The 15-unit garden-style Ramsey Homes development was built in 1942 under the Lanham Act to provide permanent housing for defense workers during World War II, specifically African-Americans. The homes were the first public housing to be built in Parker-Gray and remain today an example that small-scale scattered-site public housing works.
The City of Alexandria specifically designated Ramsey Homes as a contributing resource to the Uptown/Parker-Gray National Register Historic District whose period of significance runs through 1959. The city’s nomination form highlights that the Ramsey Homes “present an attractive appearance and represent stylish trends of the 1930s and 1940s, modestly detailed but reflecting the Craftsman and Prairie-style characteristics.”
Today, the Ramsey Homes is the only extant public housing of the modest International Modernist style in Parker-Gray. So how can the city on the one hand affirm the architectural and historic importance of Ramsey Homes, and on the other hand, authorize its destruction?
The Braddock Metro Small Area Plan warns, “There is a sense that this vital neighborhood, with its rich history and charming residential streets will become just an anonymous part of Alexandria’s urban expanse and an afterthought to Old Town, unless steps are taken to affirm its individual character.” It is scattered sites like Ramsey Homes that differentiate Parker-Gray from other parts of Old Town. The placement and architecture of Ramsey Homes is unique, as are the wide expanses of green space and the reason for their construction; together these features constitute an important chapter in the story of the Parker-Gray neighborhood.

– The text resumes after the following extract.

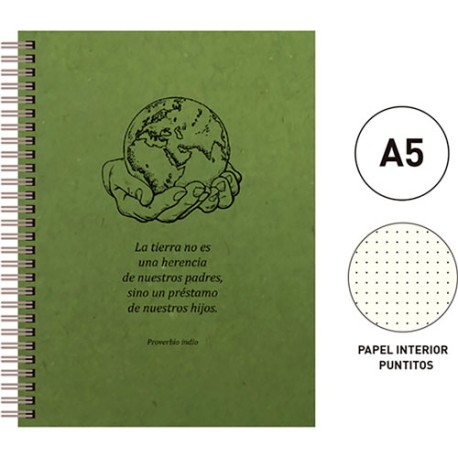 CUADERNO FORMA FRANCESA SNF ECO PUNTOS 120 HOJAS VERDE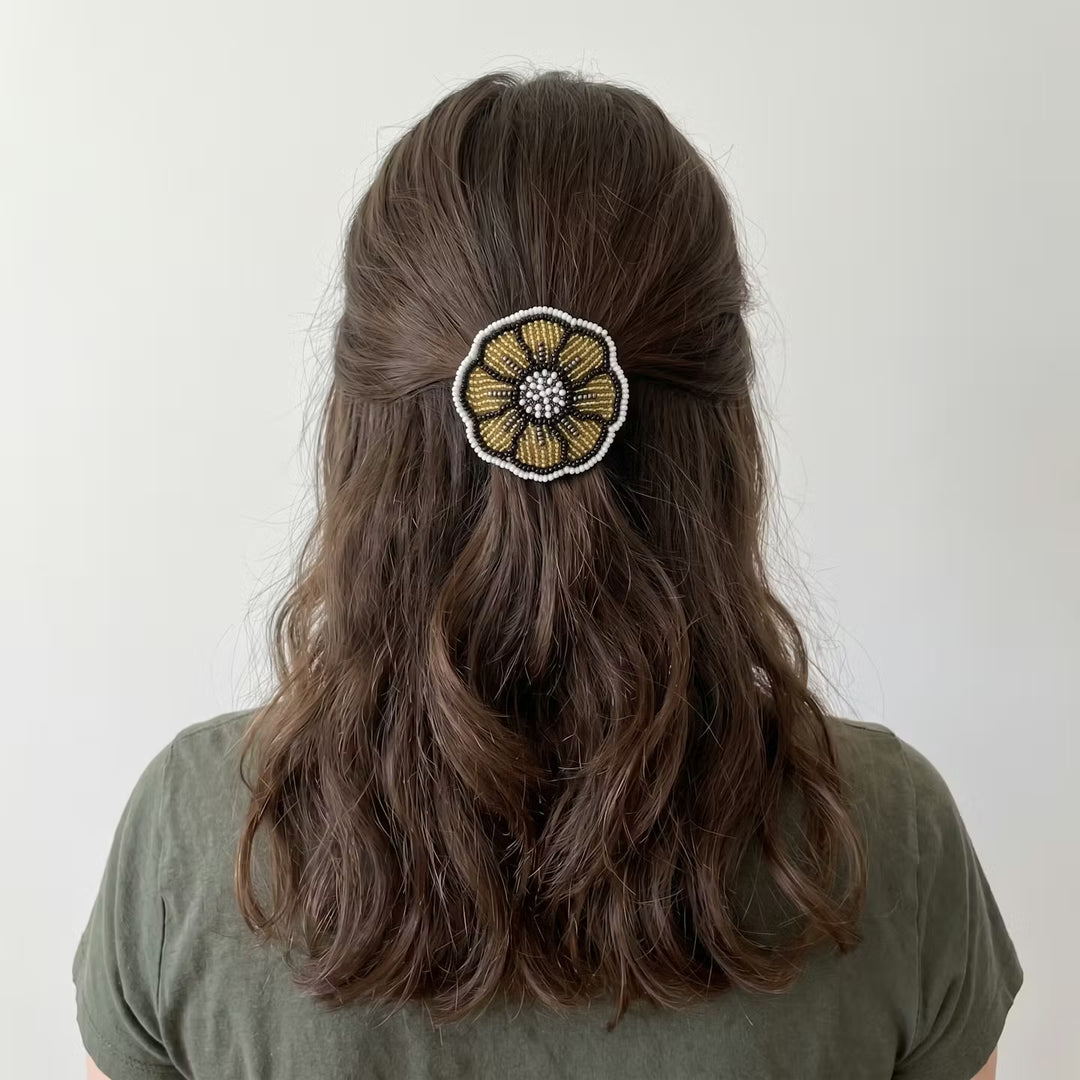 Golden Beaded Flower Barrette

If city council approves ARHA’s appeal and permits the demolition of a unique site that the city continually describes as a contributing resource to the Parker-Gray historic district, then how can the city ever deny future requests to demolish any structure in the historic districts? If meeting four of six criteria for preservation isn’t sufficient, then what is? We are on the precipice of a very slippery slope.
ARHA has not maintained the units, nor does it appear the organization has undertaken the typical upgrades that single-family homeowners routinely make to their historic properties. Now, ARHA is arguing that it is more cost effective to tear down the units rather than rehabilitate them. If expense and convenience are justifiable reasons for destroying historic properties, then we might as well say goodbye to our historic districts and the fabric of our historic neighborhoods.